The task is a Seq2Seq task.
I have the following model:
StackedResidualLSTM(
(encoder): RecurrentEncoder(
(embed_tokens): Embedding(32100, 128, padding_idx=0)
(dropout): Dropout(p=0, inplace=False)
(rnn): LSTM(128, 128, num_layers=2, batch_first=True)
)
(decoder): RecurrentDecoder(
(embed_tokens): Embedding(32100, 128, padding_idx=0)
(dropout_in_module): Dropout(p=0, inplace=False)
(dropout_out_module): Dropout(p=0, inplace=False)
(rnn): LSTM(128, 128, num_layers=2, batch_first=True)

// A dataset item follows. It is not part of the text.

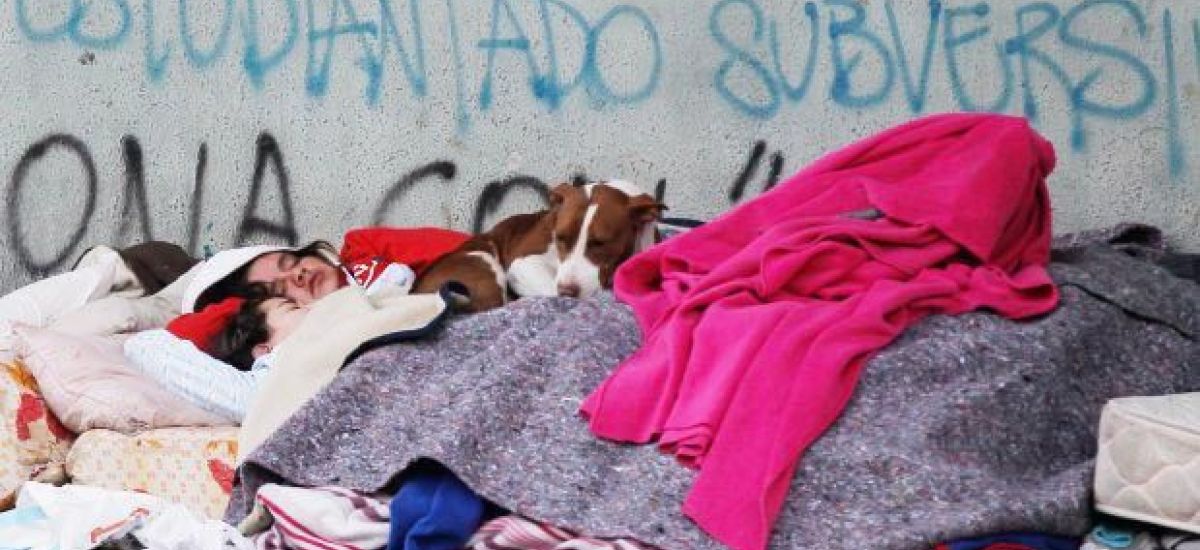 situacion de calle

(dropout): Dropout(p=0, inplace=False)
(fc_out): Linear(in_features=128, out_features=32100, bias=True)
)
)
My forward function is the following:
def forward(self, input_ids, tgt, return_loss=True, **kwargs):
state = self.encoder(input_ids, **kwargs)
prev_output_tokens = self._shift_right(tgt)
decoder_out, _ = self.decoder(prev_output_tokens, state=state, **kwargs)
if return_loss:
return self.loss(decoder_out, tgt, ignore_index=kwargs.get("ignore_index", -100))
else:
return decoder_out
Previous Output Tokens are the targets shifted right one character, starting with eos_token.
The loss is a CrossEntropy with ignore index = pad_token.
The optimizer is a SGD with lr=1e-3, momentum=0.9, weight decay=1e-2
Do you have any insights on what may hinder the proper training of the model? Thanks in advance for any help you can provide.